Une frustration qui nourrit le mouvement séparatiste albertain
EDMONTON | Ce n’est pas seulement au Québec qu’on retrouve des souverainistes. En Alberta, un nombre jamais vu de groupes sécessionnistes militent pour que la province quitte la « fédération canadienne qui a échoué » et qui profite « surtout au Québec ».
« On se sent complètement abandonnés par le Canada. Nous avons l’impression d’être devenus une des 13 colonies plutôt que d’être une province canadienne égale aux neuf autres, et qu’on a plus de taxation, mais avec moins de représentation au Canada », lance sans détour Arthur Sukalsky, un des fondateurs du Alberta Freedom Party (AFP).

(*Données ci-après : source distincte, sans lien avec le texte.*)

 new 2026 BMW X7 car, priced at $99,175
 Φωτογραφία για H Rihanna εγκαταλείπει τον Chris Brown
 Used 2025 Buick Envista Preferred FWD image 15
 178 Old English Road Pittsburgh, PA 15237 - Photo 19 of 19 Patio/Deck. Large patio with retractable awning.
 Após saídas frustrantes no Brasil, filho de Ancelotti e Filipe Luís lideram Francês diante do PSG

Le Journal a rencontré quelques membres de l’aspirant parti politique provincial dans le bar Arcadia, à Edmonton. Quelques jours plus tôt, CBC dévoilait que l’établissement, qui ne vend que des bières de microbrasseries albertaines, ne pourrait plus faire de promotions avec le logo des Oilers d’Edmonton s’ils ne s’associaient pas à Molson, un commanditaire de l’équipe de la LNH.

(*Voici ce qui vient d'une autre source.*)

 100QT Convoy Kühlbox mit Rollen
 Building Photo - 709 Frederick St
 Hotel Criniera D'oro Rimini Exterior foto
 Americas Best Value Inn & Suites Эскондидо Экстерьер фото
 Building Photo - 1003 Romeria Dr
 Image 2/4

ÉCONOMIQUE, PAS IDENTITAIRE
« Un autre exemple d’une entreprise du Québec qui essaye de s’attaquer aux revenus de l’Alberta », soupire M. Sukalsky.

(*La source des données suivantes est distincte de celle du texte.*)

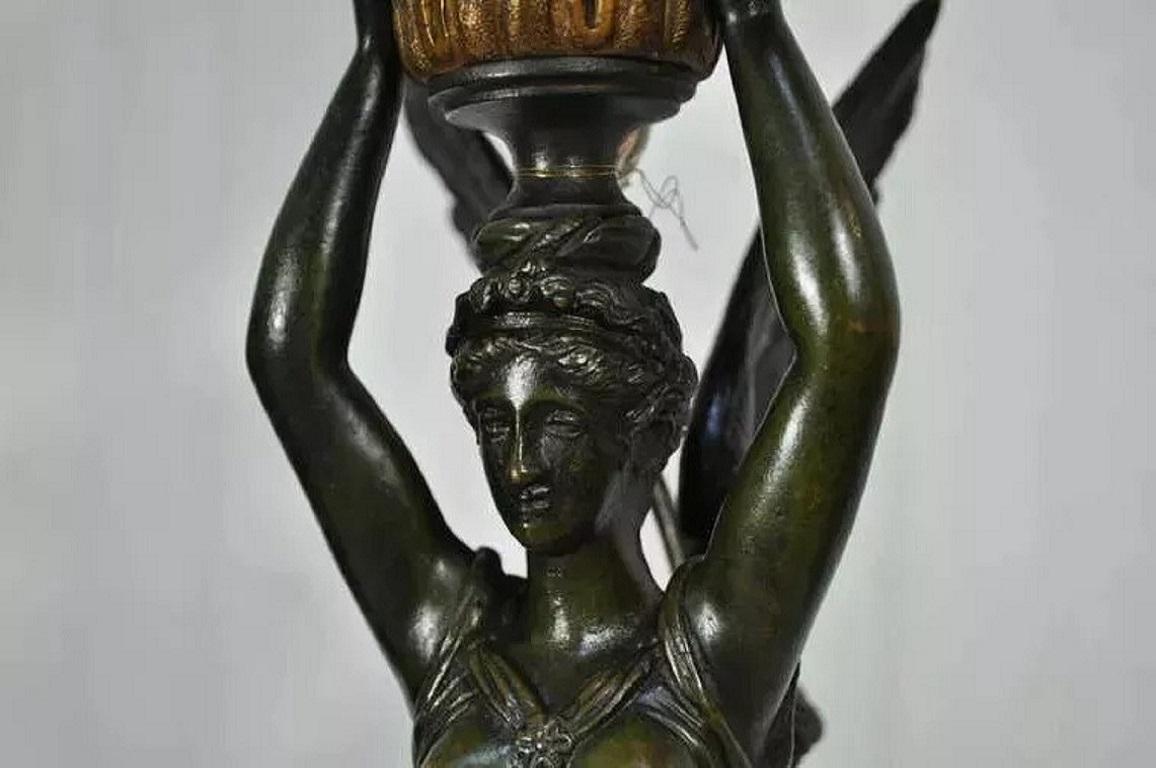 Néoclassique Lampe de table française ancienne de style néoclassique jeune fille figurative en bronze et marbre en vente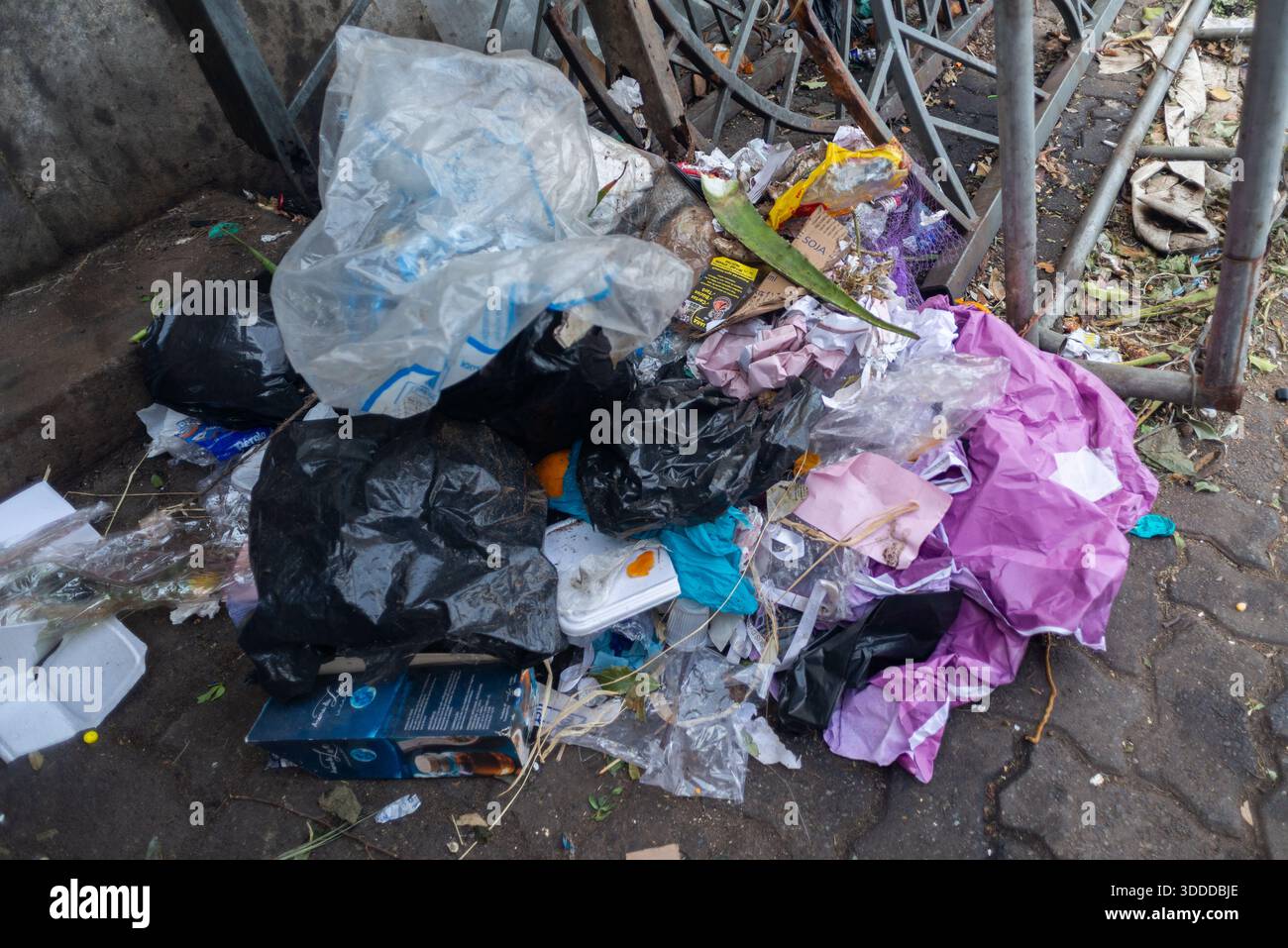 Salvador, Bahia, Brasile - 20 settembre 2025: Veduta di una pila di rifiuti di plastica, sacchetti della spazzatura e vari articoli scartati presso la via Sao Joaquim mar Foto Stock
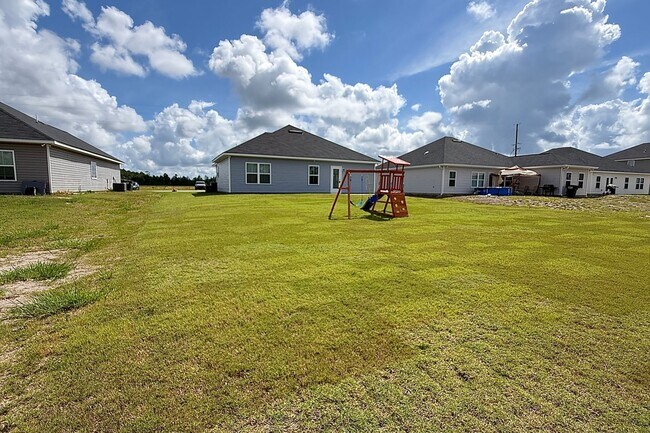 Building Photo - COMING JUNE 2026! (Pet Friendly)
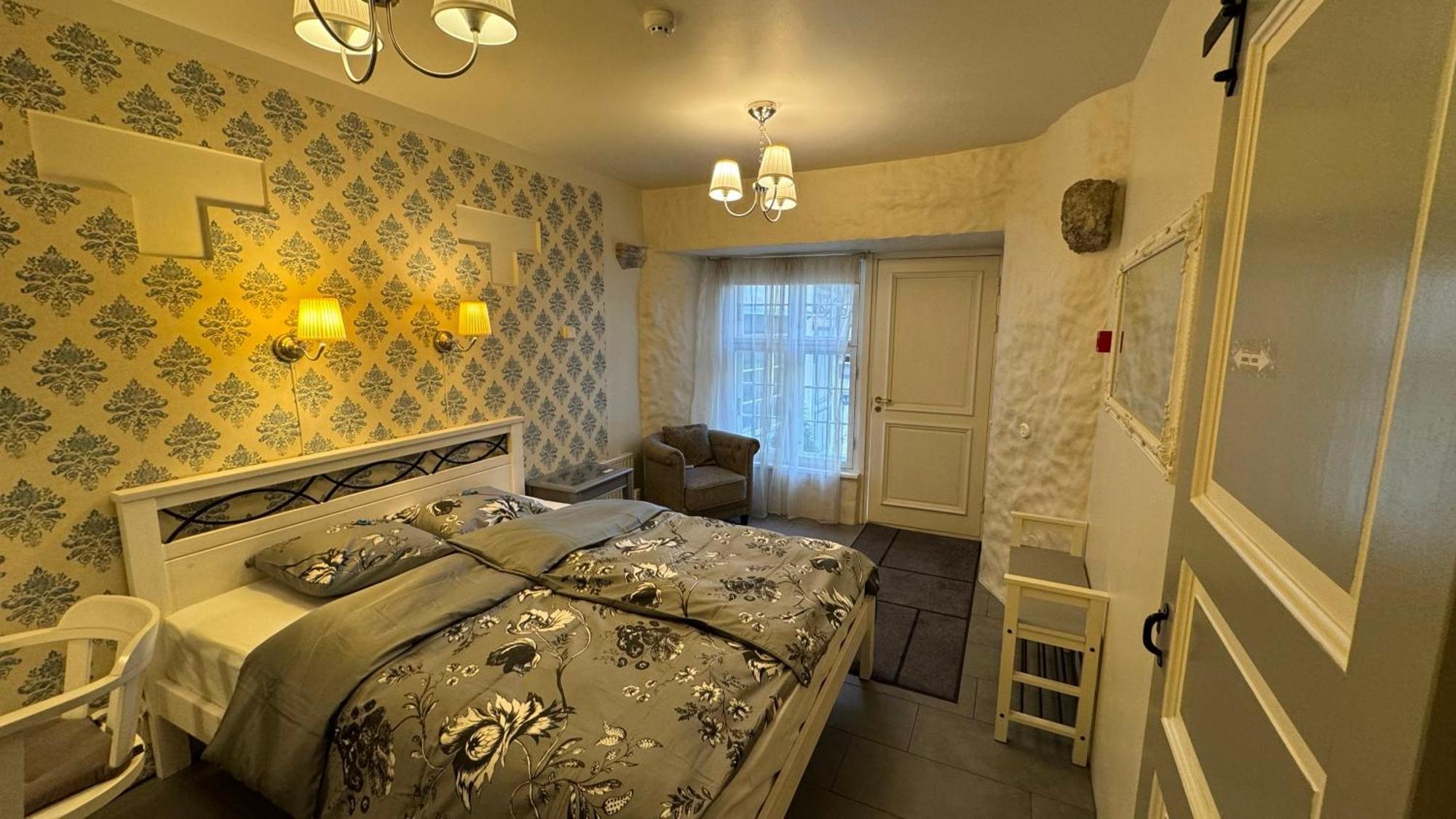 Old Bishop'S House Apartment Tallinn Exterior photo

S’ils divergent quant aux solutions à prendre, les nombreux groupes séparatistes rencontrés s’entendent pour dire que l’Alberta n’a plus aucune représentation au sein du gouvernement fédéral et qu’elle est traitée comme la vache à lait nationale. Et ce, surtout au profit du Québec.
D’ailleurs, la colère croissante envers notre province, que l’on considère comme le « chouchou » d’Ottawa au détriment de l’Alberta, est l’un des facteurs principaux qui expliquent le nouvel intérêt pour le souverainisme à travers l’ouest, selon les membres de l’AFP.
En guise d’exemple, ils ont pointé du doigt Bombardier, qui a récemment reçu un prêt de plus de 350 M$ du fédéral.
« Depuis des années, l’Alberta donne aux autres provinces à travers la péréquation. Durant les années fastes, il n’y a pas de problème. Mais maintenant que l’économie de l’Alberta va mal, personne ne nous aide à réparer nos problèmes, mais les autres provinces, comme le Québec, continuent à prendre notre argent », analyse pour sa part Mike Gibbons, cofondateur du Western Independence Party of Alberta (WIPA).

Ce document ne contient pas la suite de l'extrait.